== Recorded information ==

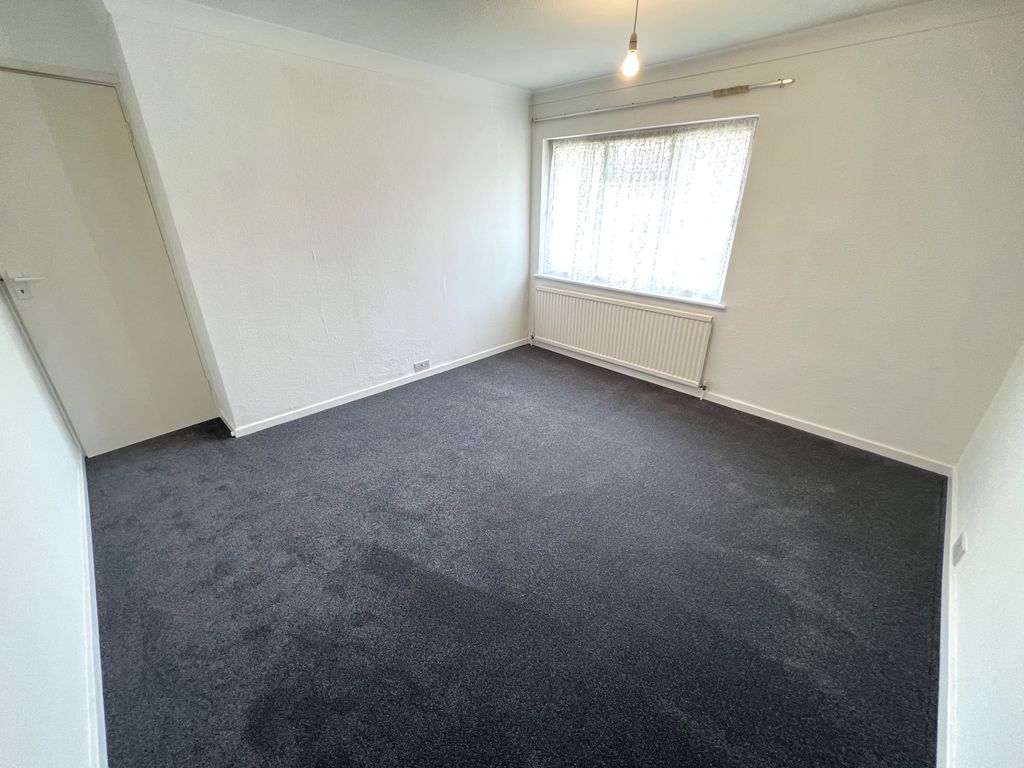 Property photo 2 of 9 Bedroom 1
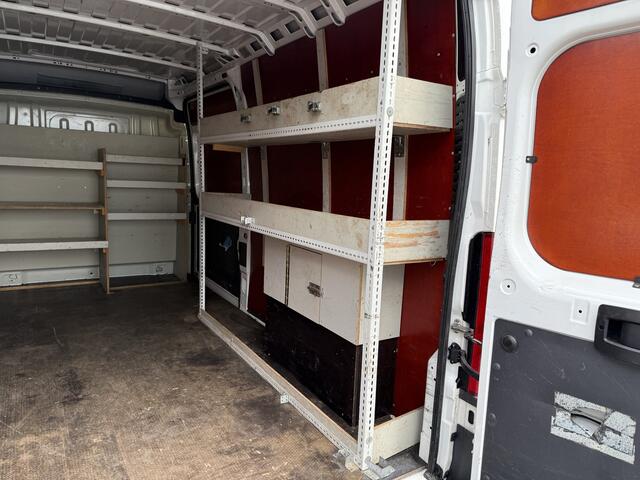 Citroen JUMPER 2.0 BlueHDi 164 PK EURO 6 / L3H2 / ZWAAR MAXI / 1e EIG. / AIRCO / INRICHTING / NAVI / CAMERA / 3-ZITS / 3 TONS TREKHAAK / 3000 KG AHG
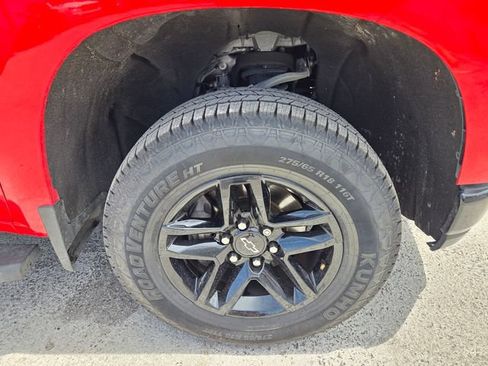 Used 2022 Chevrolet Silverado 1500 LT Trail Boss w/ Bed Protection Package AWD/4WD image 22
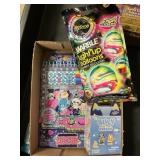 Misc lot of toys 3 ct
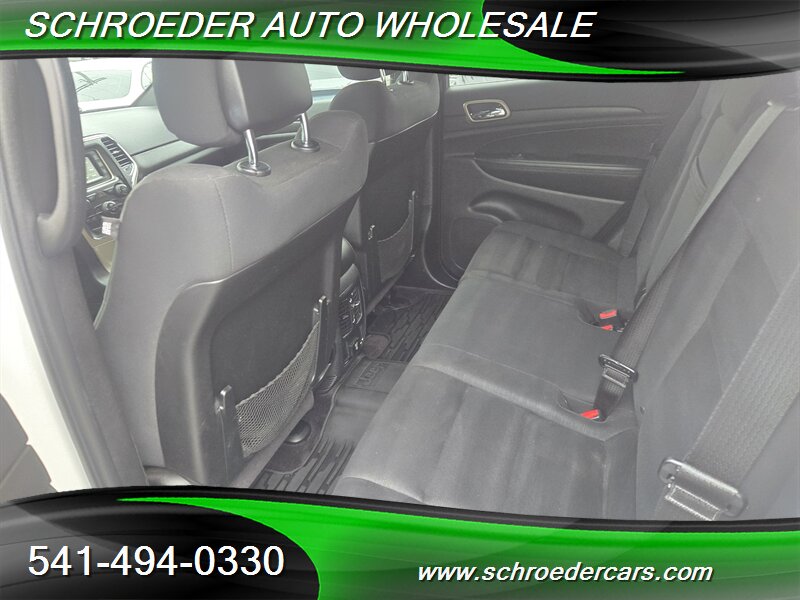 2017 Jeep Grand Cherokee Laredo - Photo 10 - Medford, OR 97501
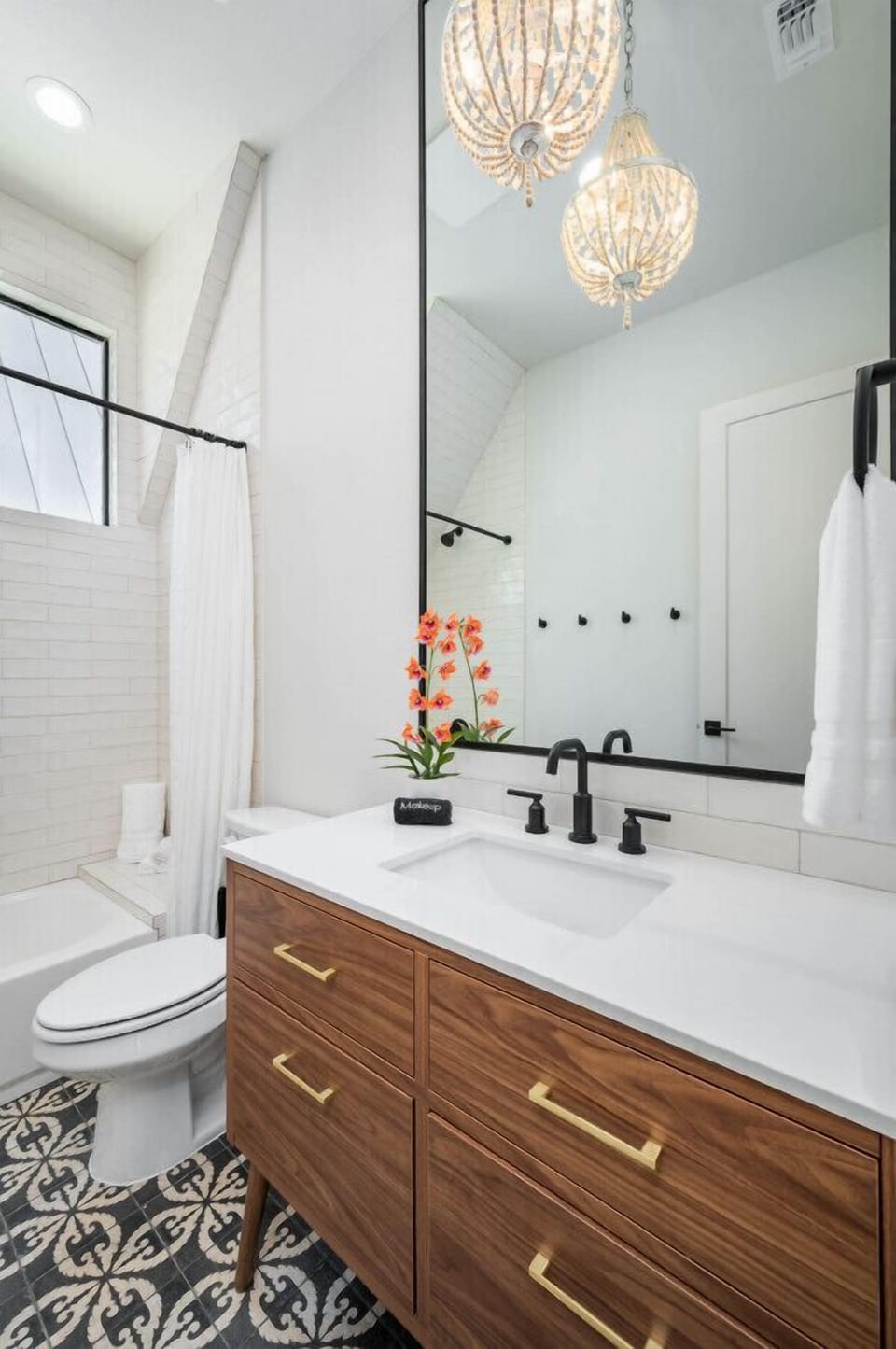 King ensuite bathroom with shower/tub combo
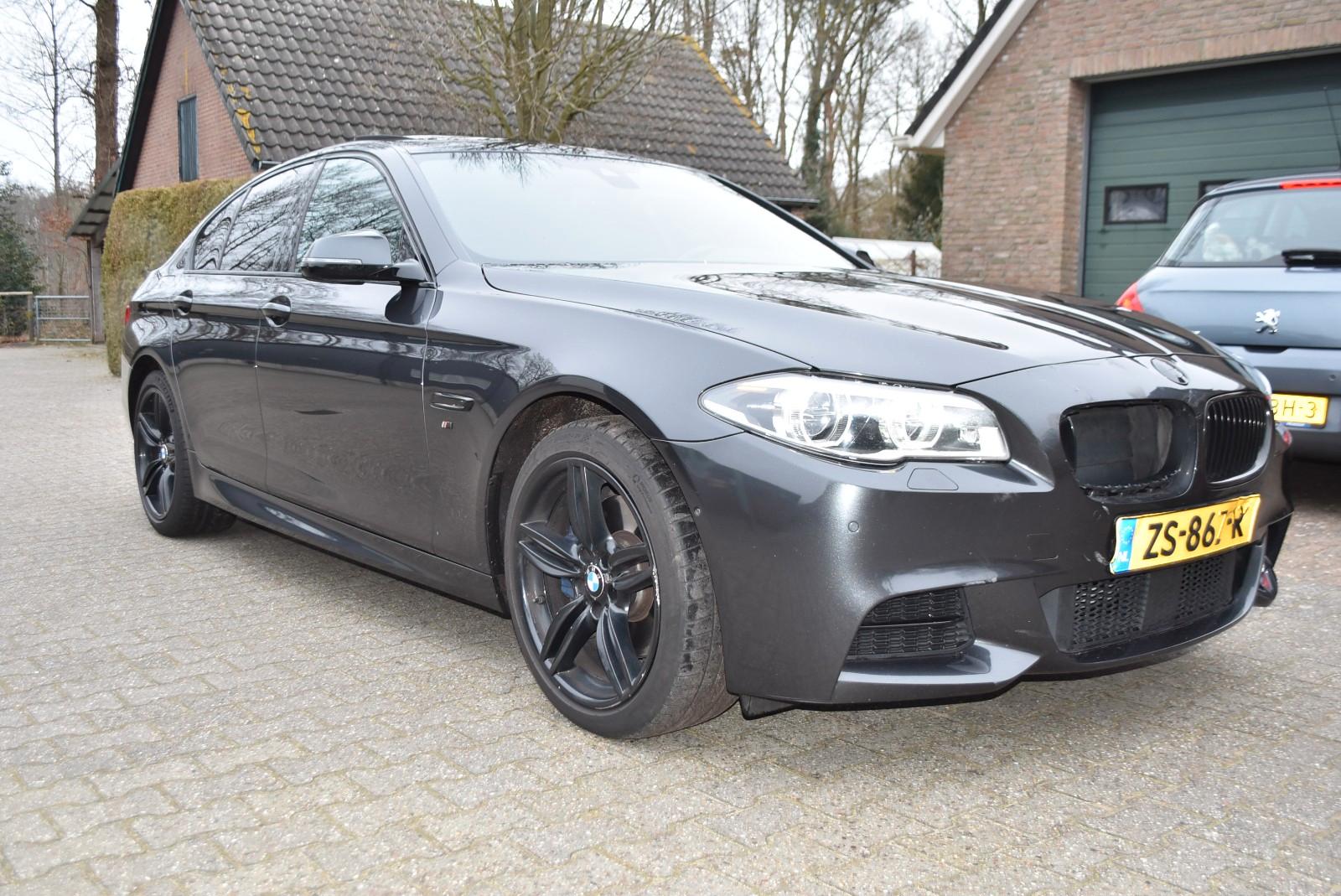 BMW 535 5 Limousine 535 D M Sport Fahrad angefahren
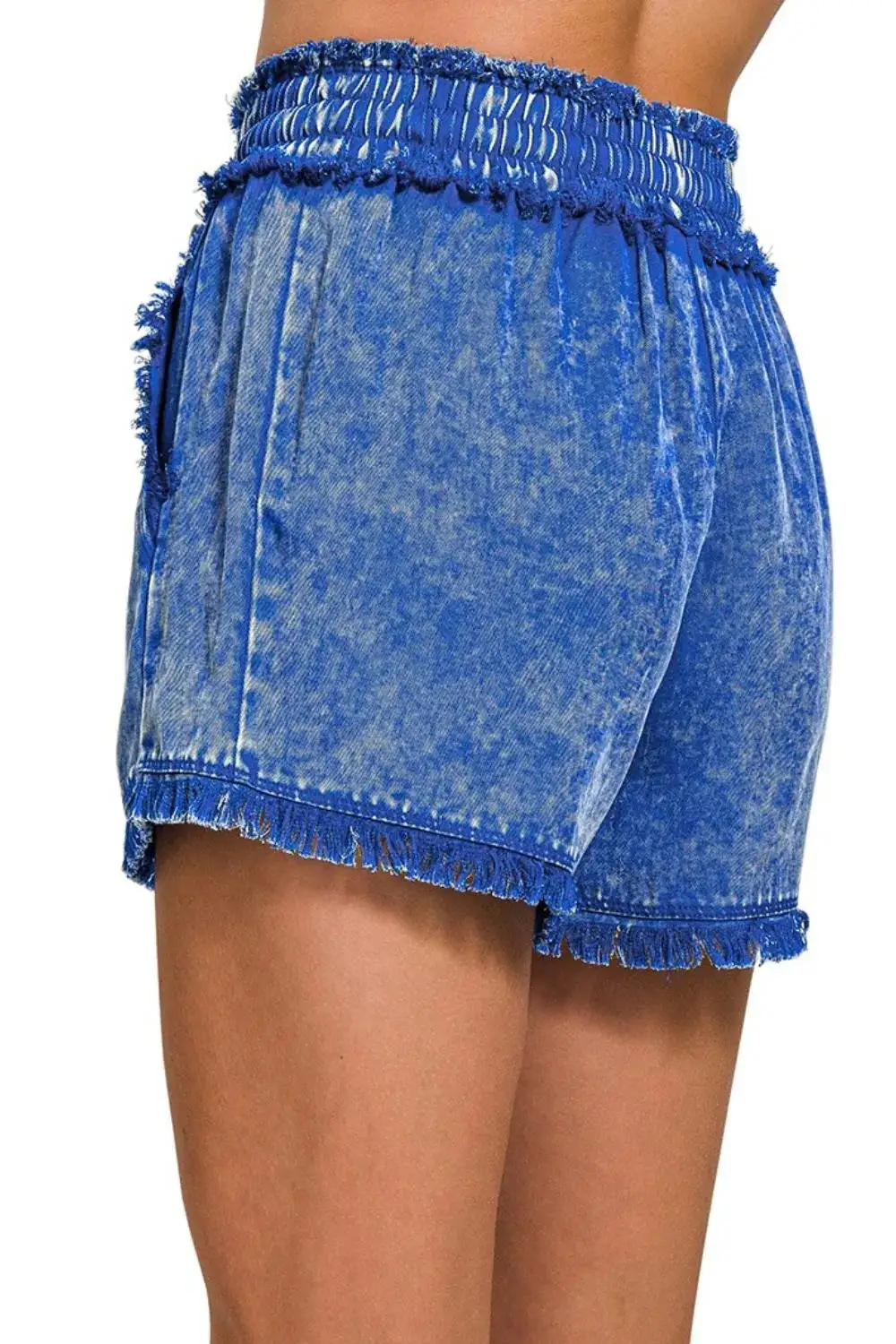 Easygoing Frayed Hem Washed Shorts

===

> **Prompt**
Output, exactly as written, only the lines from the beginning of the listing through the line containing "Used 2022 Chevrolet", both included, and no pictures.

> **Result of the task**
 Property photo 2 of 9 Bedroom 1
 Citroen JUMPER 2.0 BlueHDi 164 PK EURO 6 / L3H2 / ZWAAR MAXI / 1e EIG. / AIRCO / INRICHTING / NAVI / CAMERA / 3-ZITS / 3 TONS TREKHAAK / 3000 KG AHG
 Used 2022 Chevrolet Silverado 1500 LT Trail Boss w/ Bed Protection Package AWD/4WD image 22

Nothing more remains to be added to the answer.